目標檢測中的多尺度測試及源碼解析(FCOS多尺度測試)

 

近期在研究FCOS目標檢測算法,論文發表於ICCV 2019。FCOS方法性能還是很不錯的,代碼工程化也很好,準備follow一下。

FCOS: Fully Convolutional One-Stage Object Detection (ICCV'19)

論文:https://arxiv.org/pdf/1904.01355.pdf

源碼:https://github.com/tianzhi0549/FCOS

------------------------------------   Let's start   ------------------------------------

這篇博客主要是聊聊FCOS中用到的多尺度測試。通過多尺度測試,基於ResNeXt-64x4d-101和可變形卷積的FCOS模型在COCO test-dev上取得了49.0%的AP。我在COCO上對此也進行了驗證,相比於單尺度測試,多尺度測試的AP大概可以提高2個點,還是非常有效的。當然了,由此帶來的最大問題是時間開銷明顯增大很多,這是未來需要解決的一個難點。

在具體說明FCOS多尺度測試源碼前,先簡單回顧一下目標檢測中的多尺度訓練及測試,做目標檢測的應該基本都知道多尺度對最終性能的重要性。

輸入圖片的尺寸對檢測模型的性能影響相當明顯,事實上,多尺度是提升精度最明顯的技巧之一。在基礎網絡部分常常會生成比原圖小數十倍的特徵圖,導致小物體的特徵描述不容易被檢測網絡捕捉。通過輸入更大、更多尺寸的圖片進行訓練,能夠在一定程度上提高檢測模型對物體大小的魯棒性,僅在測試階段引入多尺度,也可享受大尺寸和多尺寸帶來的增益。[1]

------------------------------------   Let's continue   ------------------------------------

FCOS多尺度測試就是在水平翻轉、resize到不同尺度的圖像上分別檢測目標,再將預測出的bbox融合到一起,然後經過nms等後續處理得到最終的檢測框。想法比較直接,但是效果顯著。FCOS源碼中,針對多尺度測試有幾個相關的設置:

TEST:
  BBOX_AUG:
    ENABLED: False
    H_FLIP: True
    SCALES: (400, 500, 600, 700, 900, 1000, 1100, 1200)
    MAX_SIZE: 2000
    SCALE_H_FLIP: True

其中,ENABLED是多尺度測試的flag,False表示用單尺度測試,速度較快。如果設置成True,則採用多尺度測試的方式。下面幾個是多尺度測試時的參數。

H_FLIP:水平翻轉的flag;

SCALES:測試圖片resize之後的scale;

MAX_SIZE:測試圖片resize時最大的size;

SCALE_H_FLIP:做resize時水平翻轉的flag。

接着,簡單說明多尺度測試的源碼 [2]。主函數是im_detect_bbox_aug,分幾步完成多尺度檢測的任務:

1. 原圖像預測:boxlists_i = im_detect_bbox

2. 翻轉後圖像預測:boxlists_hf = im_detect_bbox_hflip

3. resize到不同尺度預測:boxlists_scl = im_detect_bbox_scale

4. 不同尺度翻轉後圖像預測:boxlists_scl_hf = im_detect_bbox_scale

具體實現細節參照以下源碼,註釋清楚,很容易理解。

 

import torch
import torchvision.transforms as TT

from fcos_core.config import cfg
from fcos_core.data import transforms as T
from fcos_core.structures.image_list import to_image_list
from fcos_core.structures.bounding_box import BoxList
from fcos_core.modeling.rpn.fcos.inference import make_fcos_postprocessor


def im_detect_bbox_aug(model, images, device):
    # Collect detections computed under different transformations
    boxlists_ts = []
    for _ in range(len(images)):
        boxlists_ts.append([])

    def add_preds_t(boxlists_t):
        for i, boxlist_t in enumerate(boxlists_t):
            if len(boxlists_ts[i]) == 0:
                # The first one is identity transform, no need to resize the boxlist
                boxlists_ts[i].append(boxlist_t)
            else:
                # Resize the boxlist as the first one
                boxlists_ts[i].append(boxlist_t.resize(boxlists_ts[i][0].size))

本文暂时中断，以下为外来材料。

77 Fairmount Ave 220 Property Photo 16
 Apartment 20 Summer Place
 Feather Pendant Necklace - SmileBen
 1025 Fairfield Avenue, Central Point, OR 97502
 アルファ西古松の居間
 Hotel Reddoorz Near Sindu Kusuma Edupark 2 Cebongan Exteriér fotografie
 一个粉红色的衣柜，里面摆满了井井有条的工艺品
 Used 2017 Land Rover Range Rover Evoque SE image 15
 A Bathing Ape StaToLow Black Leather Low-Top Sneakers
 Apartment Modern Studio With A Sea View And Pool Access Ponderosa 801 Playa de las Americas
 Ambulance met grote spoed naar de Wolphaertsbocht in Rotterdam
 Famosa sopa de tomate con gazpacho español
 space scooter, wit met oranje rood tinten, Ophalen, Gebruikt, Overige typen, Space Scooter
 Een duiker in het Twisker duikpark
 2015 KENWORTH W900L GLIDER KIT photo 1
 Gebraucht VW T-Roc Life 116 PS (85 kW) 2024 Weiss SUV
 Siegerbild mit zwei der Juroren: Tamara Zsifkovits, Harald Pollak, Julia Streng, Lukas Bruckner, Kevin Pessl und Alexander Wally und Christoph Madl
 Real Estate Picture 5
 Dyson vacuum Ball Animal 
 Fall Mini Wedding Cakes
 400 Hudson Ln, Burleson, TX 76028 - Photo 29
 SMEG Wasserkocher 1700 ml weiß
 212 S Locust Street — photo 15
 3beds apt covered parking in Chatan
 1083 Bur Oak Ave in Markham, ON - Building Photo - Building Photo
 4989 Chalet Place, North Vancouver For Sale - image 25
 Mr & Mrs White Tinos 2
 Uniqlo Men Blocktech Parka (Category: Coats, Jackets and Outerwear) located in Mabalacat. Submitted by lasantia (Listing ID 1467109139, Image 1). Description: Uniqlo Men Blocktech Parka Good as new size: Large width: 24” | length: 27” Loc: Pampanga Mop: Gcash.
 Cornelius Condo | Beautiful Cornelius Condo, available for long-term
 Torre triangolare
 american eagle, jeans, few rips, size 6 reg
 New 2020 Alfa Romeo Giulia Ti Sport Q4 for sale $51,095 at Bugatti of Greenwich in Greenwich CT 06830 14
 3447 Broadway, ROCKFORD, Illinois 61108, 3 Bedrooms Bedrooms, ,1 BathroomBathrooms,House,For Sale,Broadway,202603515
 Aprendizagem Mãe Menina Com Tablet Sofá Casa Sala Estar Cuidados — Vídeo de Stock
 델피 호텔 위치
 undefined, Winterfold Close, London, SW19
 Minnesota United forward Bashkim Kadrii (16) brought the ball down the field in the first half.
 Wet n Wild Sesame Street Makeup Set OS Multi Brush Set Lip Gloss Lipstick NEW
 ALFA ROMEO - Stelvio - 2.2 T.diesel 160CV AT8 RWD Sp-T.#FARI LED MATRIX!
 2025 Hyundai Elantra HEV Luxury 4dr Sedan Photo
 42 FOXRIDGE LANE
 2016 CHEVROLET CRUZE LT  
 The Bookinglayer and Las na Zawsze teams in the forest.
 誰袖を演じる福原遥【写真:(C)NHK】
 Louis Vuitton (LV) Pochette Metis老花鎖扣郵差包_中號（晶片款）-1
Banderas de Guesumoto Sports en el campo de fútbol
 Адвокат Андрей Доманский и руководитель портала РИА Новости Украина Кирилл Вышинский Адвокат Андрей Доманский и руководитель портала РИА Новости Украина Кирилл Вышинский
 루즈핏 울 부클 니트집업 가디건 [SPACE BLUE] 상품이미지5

    # Compute detections for the original image (identity transform)
    boxlists_i = im_detect_bbox(
        model, images, cfg.INPUT.MIN_SIZE_TEST, cfg.INPUT.MAX_SIZE_TEST, device
    )
    add_preds_t(boxlists_i)

    # Perform detection on the horizontally flipped image
    if cfg.TEST.BBOX_AUG.H_FLIP:
        boxlists_hf = im_detect_bbox_hflip(
            model, images, cfg.INPUT.MIN_SIZE_TEST, cfg.INPUT.MAX_SIZE_TEST, device
        )
        add_preds_t(boxlists_hf)

    # Compute detections at different scales
    for scale in cfg.TEST.BBOX_AUG.SCALES:
        max_size = cfg.TEST.BBOX_AUG.MAX_SIZE
        boxlists_scl = im_detect_bbox_scale(
            model, images, scale, max_size, device
        )
        add_preds_t(boxlists_scl)

        if cfg.TEST.BBOX_AUG.SCALE_H_FLIP:
            boxlists_scl_hf = im_detect_bbox_scale(
                model, images, scale, max_size, device, hflip=True
            )
            add_preds_t(boxlists_scl_hf)

    assert cfg.MODEL.FCOS_ON, "The multi-scale testing only supports FCOS detector"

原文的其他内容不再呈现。